平时薛莲和妈妈贫嘴惯了并不害怕,但这样和妈妈说笑还是第一次,不知妈妈怎样反应,因此没等说完话便先站起来,准备挨打时开溜。

那知薛莲妈先是目瞪口呆,旋即满脸通红,随后又显的有些兴奋,不但不恼反倒心里美滋滋地说:“你们两个淘气鬼,知道得还不少,拿我这个老婆子寻开心。反正我也老了,索性让你们笑话个够。”

接着便讲起了自己年轻时的美好时光。这一讲就象开启了一坛尘封多年的老酒,直把两个年轻人熏得昏昏欲醉。

墙上的挂钟来回摆动,时间很快便到了中午。孟飞云见又到了做饭的时间,连忙告辞。

薛莲母女见劝留不住,薛莲妈便对孟飞云说:“你叔叔临走时交待,不要再等他,让你明天到政府办公室报到。他已经和郭县长、阮主任,以及你们单位说好了,你明天直接找阮主任,具体工作他再给你安排。”

孟飞云听说要把他调到政府办公室,免不了有点兴奋,非常礼貌地对薛莲一家的关心表示了一番感谢,然后匆匆往回赶。

再说博士吴仕运,等孟飞云走后,一个人无处可去,回到宿舍,趴在窗口向外闲望,哼哼着唱道:

我本是卧龙岗散淡的人,论阴阳如反掌保定乾坤。先帝爷下南阳御驾三请,算就了汉家业鼎足三分。官封到武乡侯执掌帅印,东西战南北剿博古通今,周文王访姜尚周室大振,我诸葛怎比得前辈的先生!闲无事在敌楼我亮一亮琴音……

我正在城楼观山景,耳听得城外乱纷纷,旌旗招展空泛影……并非是马谡无谋少才能……诸葛在敌楼把驾等,等候了司马到此好谈谈心……只有我和琴童人两个……你就来来来,进得城来听我抚琴……

唱得累了便在屋中踩着鼓点转几圈,偶尔还拿个架势,一直折腾到打饭的时候这才做罢。

饭打回来了也没有什么食欲,正在发呆的时候,门”哐”的一声被踢开,孟飞云一手端―个饭盆兴冲冲进来。

博士象打了吗啡一般立刻来了精神,“来来来,快坐下给我说说有什么好事?”

孟飞云笑道:“哪有什么好事,不过是想调我到政府办公室去上班。”

“这不是好事什么才算好事?值得庆贺,值得庆贺。”说着博士从床下拽出一个塑料桶,“这是我从老家带来的纯粮食酒,比那八大名酒一点不次,我们也过过年,喝上一杯,庆贺一番。”

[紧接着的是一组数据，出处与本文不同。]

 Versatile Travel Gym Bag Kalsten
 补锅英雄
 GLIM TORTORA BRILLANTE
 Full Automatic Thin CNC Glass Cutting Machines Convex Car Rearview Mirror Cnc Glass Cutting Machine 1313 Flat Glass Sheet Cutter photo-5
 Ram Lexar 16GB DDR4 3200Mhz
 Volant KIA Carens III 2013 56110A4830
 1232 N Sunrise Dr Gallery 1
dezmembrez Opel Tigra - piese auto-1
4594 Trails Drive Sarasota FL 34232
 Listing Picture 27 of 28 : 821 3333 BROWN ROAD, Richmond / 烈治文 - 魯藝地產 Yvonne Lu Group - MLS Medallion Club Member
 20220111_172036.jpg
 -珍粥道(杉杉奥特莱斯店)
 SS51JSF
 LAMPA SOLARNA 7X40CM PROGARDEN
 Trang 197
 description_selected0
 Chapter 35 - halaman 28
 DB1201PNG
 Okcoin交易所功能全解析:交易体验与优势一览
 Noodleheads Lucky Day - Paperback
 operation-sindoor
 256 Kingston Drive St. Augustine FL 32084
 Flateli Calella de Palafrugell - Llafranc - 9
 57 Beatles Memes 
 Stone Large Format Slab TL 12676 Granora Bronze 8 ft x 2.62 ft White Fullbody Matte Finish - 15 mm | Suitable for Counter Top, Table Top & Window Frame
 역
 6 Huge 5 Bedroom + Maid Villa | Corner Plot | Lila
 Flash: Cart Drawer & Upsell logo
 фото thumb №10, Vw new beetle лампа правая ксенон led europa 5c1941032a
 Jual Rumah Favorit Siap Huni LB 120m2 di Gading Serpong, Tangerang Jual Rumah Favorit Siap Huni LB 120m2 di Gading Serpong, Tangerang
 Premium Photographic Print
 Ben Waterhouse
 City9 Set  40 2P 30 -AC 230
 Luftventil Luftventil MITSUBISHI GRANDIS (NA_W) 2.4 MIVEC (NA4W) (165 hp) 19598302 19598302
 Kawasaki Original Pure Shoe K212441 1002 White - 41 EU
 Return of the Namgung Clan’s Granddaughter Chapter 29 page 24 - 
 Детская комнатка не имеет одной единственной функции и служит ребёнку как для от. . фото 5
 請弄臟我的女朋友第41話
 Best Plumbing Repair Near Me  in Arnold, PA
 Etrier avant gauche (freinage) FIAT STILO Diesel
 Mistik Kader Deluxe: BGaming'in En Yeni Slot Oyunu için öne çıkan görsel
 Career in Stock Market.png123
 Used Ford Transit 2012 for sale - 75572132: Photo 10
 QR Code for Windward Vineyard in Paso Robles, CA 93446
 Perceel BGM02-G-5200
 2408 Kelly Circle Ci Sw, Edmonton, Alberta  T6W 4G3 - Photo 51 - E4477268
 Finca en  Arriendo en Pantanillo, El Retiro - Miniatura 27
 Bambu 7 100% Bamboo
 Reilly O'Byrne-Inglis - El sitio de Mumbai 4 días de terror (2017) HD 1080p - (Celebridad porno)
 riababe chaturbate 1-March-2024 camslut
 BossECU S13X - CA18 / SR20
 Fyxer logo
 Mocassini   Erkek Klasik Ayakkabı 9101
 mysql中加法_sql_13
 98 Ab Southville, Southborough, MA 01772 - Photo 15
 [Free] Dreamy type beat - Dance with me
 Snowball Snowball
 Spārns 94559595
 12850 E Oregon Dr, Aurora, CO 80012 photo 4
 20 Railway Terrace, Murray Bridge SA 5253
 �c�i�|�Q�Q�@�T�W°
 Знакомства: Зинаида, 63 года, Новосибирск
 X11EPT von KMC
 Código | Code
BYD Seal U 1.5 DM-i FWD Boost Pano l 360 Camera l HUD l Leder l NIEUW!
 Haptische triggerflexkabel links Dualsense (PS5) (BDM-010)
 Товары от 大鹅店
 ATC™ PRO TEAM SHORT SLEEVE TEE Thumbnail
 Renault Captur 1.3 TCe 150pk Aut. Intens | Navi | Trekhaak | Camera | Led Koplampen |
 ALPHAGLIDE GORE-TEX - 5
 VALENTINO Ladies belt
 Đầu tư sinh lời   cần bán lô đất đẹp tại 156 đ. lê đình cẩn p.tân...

孟飞云知道博士爱喝点酒,见他要喝,连忙道:“等一会儿,我给你凑个菜。”说完一溜小跑回了自已屋里,不一会儿,拎回一小袋炒熟的花生米,手中还托着四个腌鸡蛋。

博士见了更是兴起:“来来来,一定要陪我喝几杯。”

“不行,不行,我只喝过啤酒,从来也没喝过白酒,还是你自已喝吧!”

“女人不能说随便,男人不能说不行,亏你还写诗,连酒都不会喝,怎么能写出好诗来?你看历代大诗人那个不喝酒,诗中有酒,酒中有诗,喝了酒写出来的诗才有味。李白斗酒诗百篇---”博士说着端起杯子先喝了一口,一付享受的样子。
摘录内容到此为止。